Thanks, a lot, in advance!
Best, Peter
From Michael Metcalf,
Pointers are variables with the POINTER attribute; they are not a distinct data type (and so no 'pointer arithmetic' is possible).
They are conceptually a descriptor listing the attributes of the objects (targets) that the pointer may point to, and the address, if any, of a target. They have no associated storage until it is allocated or otherwise associated (by pointer assignment, see below):
So your idea of b=>a*2 doesn't work because b is being assigned to a and not given the value of a.
Expression, in general (there two and a half very significant exceptions), are not valid pointer targets. Evaluation of an expression (in general) yields a value, not an object.
(The exceptions relate to the case where the overall expression results in a reference to a function with a data pointer result - in that case the expression can be used on the right hand side of a pointer assignment statement, or as the actual argument in a procedure reference that correspond to a pointer dummy argument or [perhaps - and F2008 only] in any context where a variable might be required, such as the left hand side of an ordinary assignment statement. But your expressions do not result in such a function reference and I don't think the use cases are relevant to what you wnt to do. )

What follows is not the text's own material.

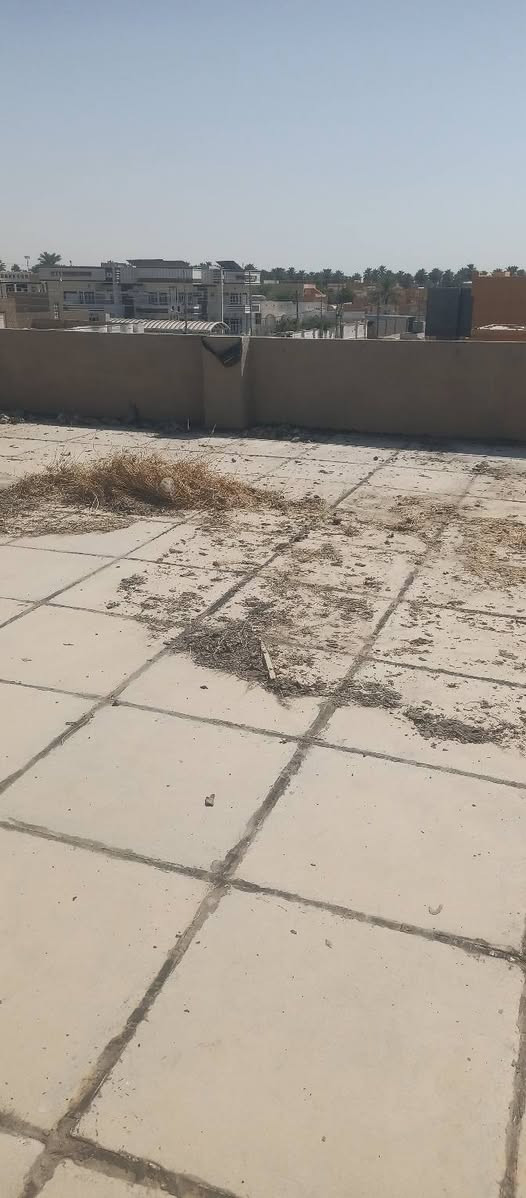 تم اعاده ماستك لقديم بيت الاستاذ بشار في  منطقة الصوفيه   تم تنضيف وغسل. السطح  بصوره جيدة مستمرين بل اعاده ماستك وتطبيك شتايكر اي مشكله عندك بل سطح تفضل خاص او تصل عل رقم *********** يوجد واتساب

نص مكتوب في الصور:
- بعد العمل
- قبل لعمل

I think you want the value of b to change as the "underlying" value of a changes, as per the form of the initial expression. Beyond the valid pointer target issue, this requires behaviour contrary to one of the basic principles of the language (most languages really) - evaluation of an expression uses the value of its primaries at the time the expression is evaluation - subsequent changes in those primaries do not result in a change in the historically evaluated value.
Instead, consider writing a function that calculates b based on a.
program pointer
IMPLICIT NONE
real(8) :: a
do i=1,10
a=dble(i)*2.0d0
write(*,*) b(a)
end do
contains
function b(x)
real(kind(a)), intent(in) :: x
real(kind(a)) :: b
b = 2.0d0 * x
end function b
end program
Update: I'm getting closer to what I wanted to have (for those who are interested):
module test
real,target :: a
real, pointer :: c
abstract interface
function func()
real :: func
end function func
end interface
procedure (func), pointer :: f => null ()
contains
function f1()
real,target :: f1
c=>a
f1 = 2.0*c
return
end function f1
end module
program test_func_ptrs
use test
implicit none
integer::i
f=>f1
do i=1,10
a=real(i)*2.0
write(*,*)f()
end do
end program test_func_ptrs
I would be completely satisfied if I could find a way to avoid the dummy arguments (at least in when I'm calling f).

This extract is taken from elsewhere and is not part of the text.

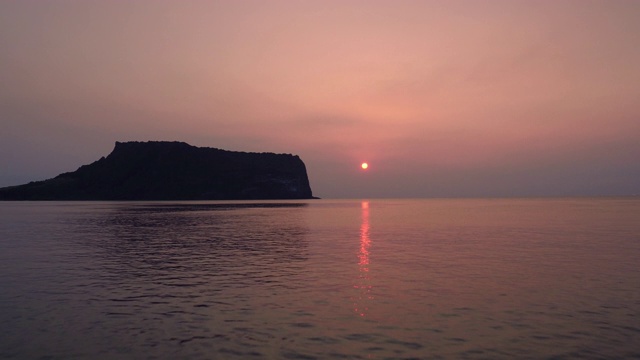 韩国济州岛Seongsan Ilchulbong自然保护区的日出景色视频素材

Additional information: The point is that I want to define different functions f1 and deside before starting the loop, what f is going to be inside of the loop (depending on whatever input).

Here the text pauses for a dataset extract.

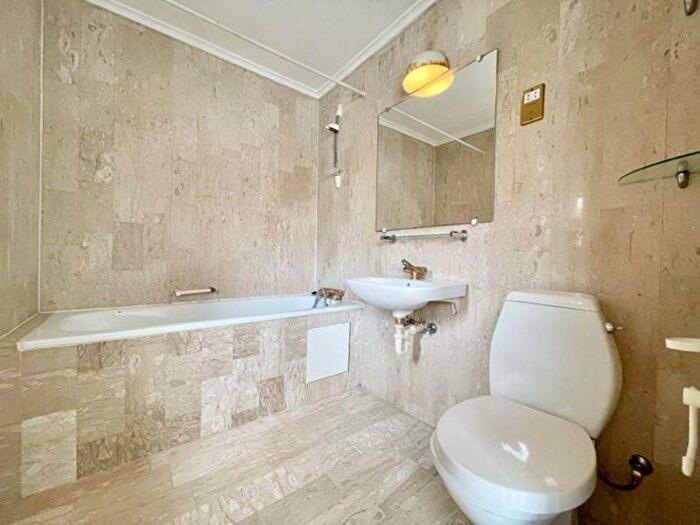 4 Bedroom House To Rent In Queen Of Denmark Court, SE16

Pointer arithmetic, in the sense of calculating address offsets from a pointer, is not allowed in Fortran. Pointer arithmetic can easily cause memory errors and the authors of Fortran considered it unnecessary. (One could do it via the back door of interoperability with C.)
Pointers in Fortran are useful for passing procedures as arguments, setting up data structures such as linked lists (e.g., How can I implement a linked list in fortran 2003-2008), etc.